A few counterpoints.
First, this is nothing new. Islamic states have done this since the Umayyad Caliphate.
Second, late medieval Christian states that allowed Muslims to remain, and to stay unconverted, had burdens of their own.
Third, and per the last part of the post?
Not to go too much Gnu Atheist, but tax deductions for religious groups, from state sales and property tax ones to all religious contributions, not just for their actual charitable work, being deductible from federal income taxes, could be considered a tax of sorts on secularists, could it not?
Survey says ... yes.
You can Google elsewhere for the totals, or I can tell you that it's $71 billion with a b in religious tax deductions per year.
And, while, theoretically, making that up elsewhere falls on us all, it really falls on secularists who are almost as small a minority in the US as Christians are in Iraq.

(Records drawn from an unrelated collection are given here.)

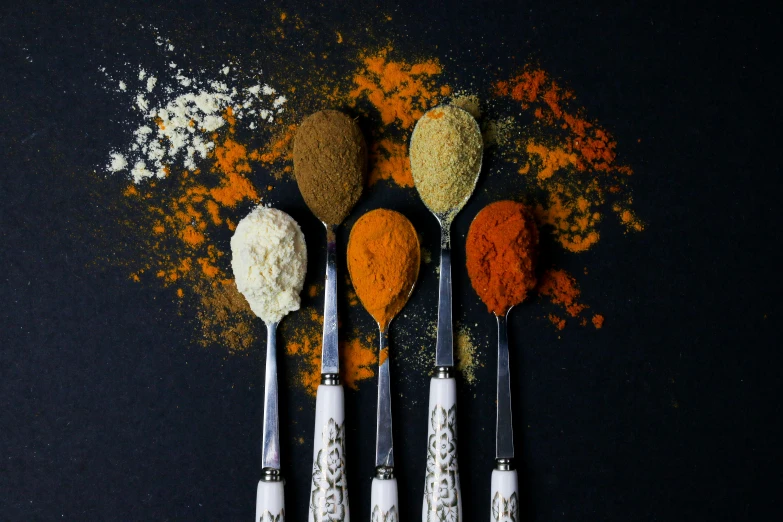 there is different colored spices in the spoons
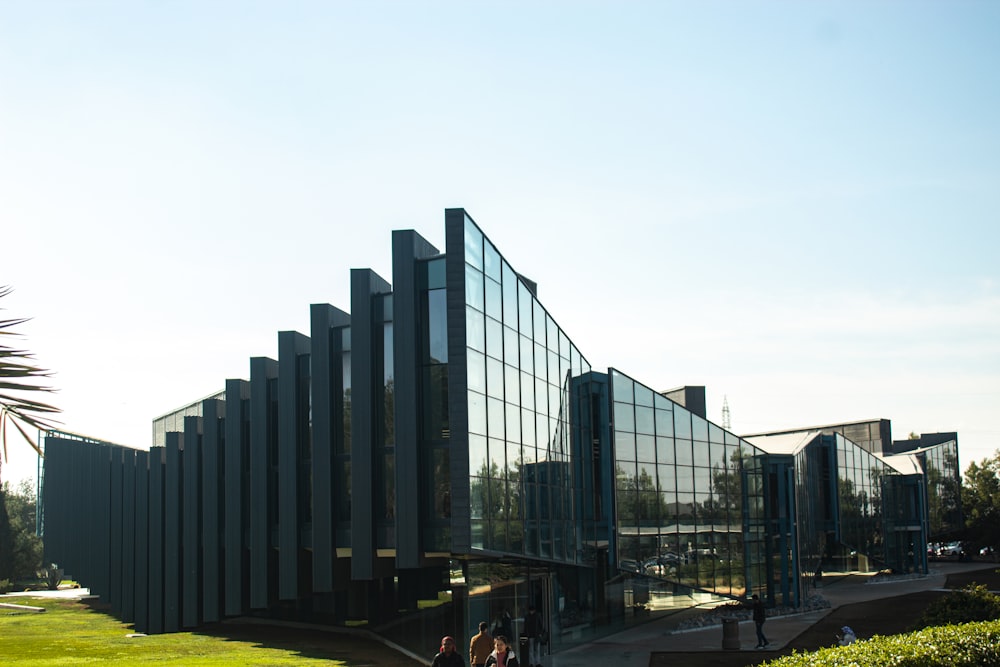 a group of people standing outside of a building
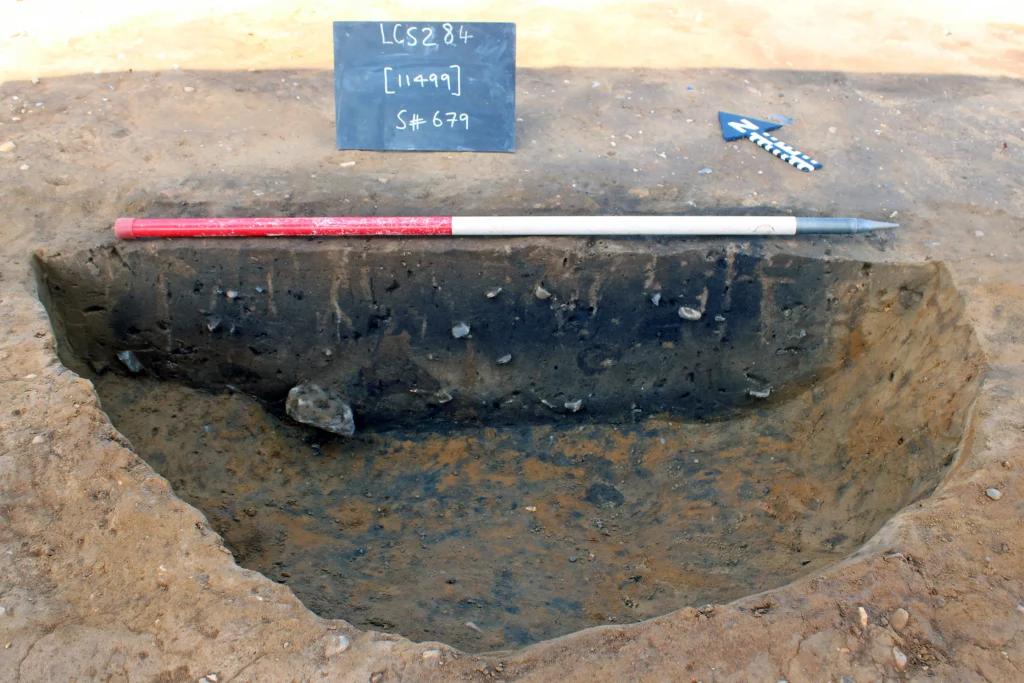 record photo of half sectioned pit, with 1m scale map north arrow and photo description board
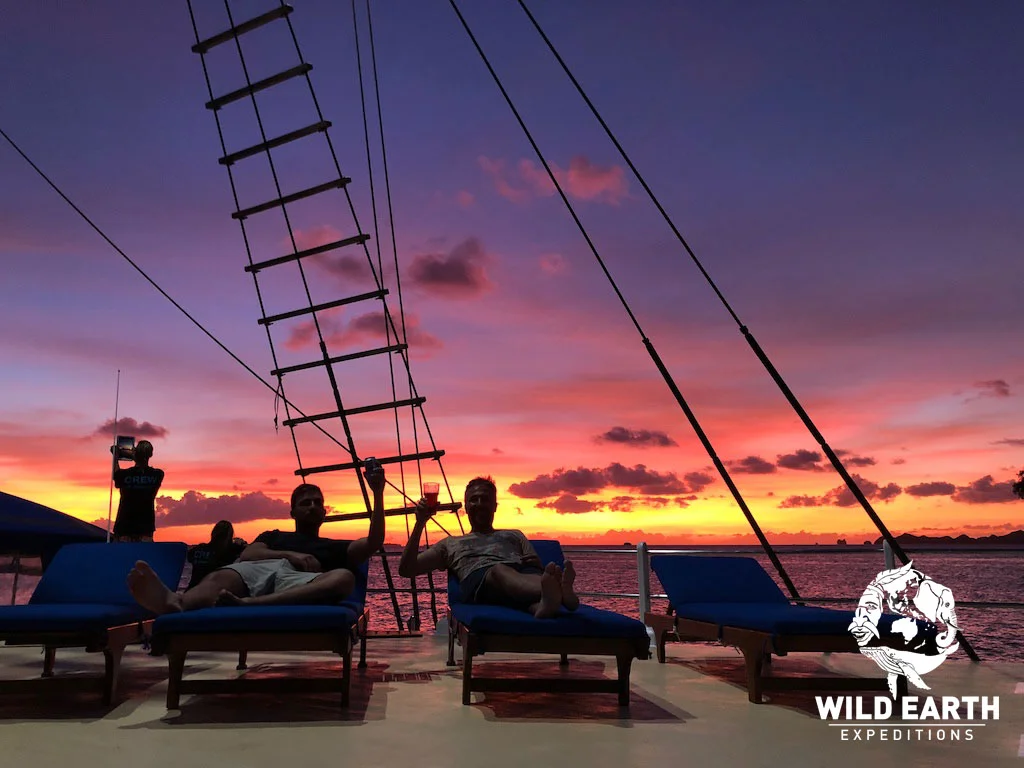 'chilling' on the deck at sunset - Palau - Wild Earth Expeditions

"The issue of religious tax preferment is especially relevant now because the number of Americans living outside any religious tradition continues to grow," said Tom Flynn, Free Inquiry's editor. "That underscores the unfairness of taxing all Americans to subsidize religious institutions that only some Americans utilize."
The most ridiculous part of that money is the $41 billion for capital gains exemptions.
Also, given the way the Catholic Church has worked to shelter its assets behind various walls, including tax-related ones, to try to avoid paying out money in sexual abuse lawsuits, besides dinging us secularists, there's a fair chunk of ethics issues involved.
So, secularlists? Convert, or pay the tax that's not being paid by the religious.
Of course, as this ginned-up lawsuit over bald eagle feathers shows, wingnuts within Christianity always believe the First Amendment doesn't really apply to them.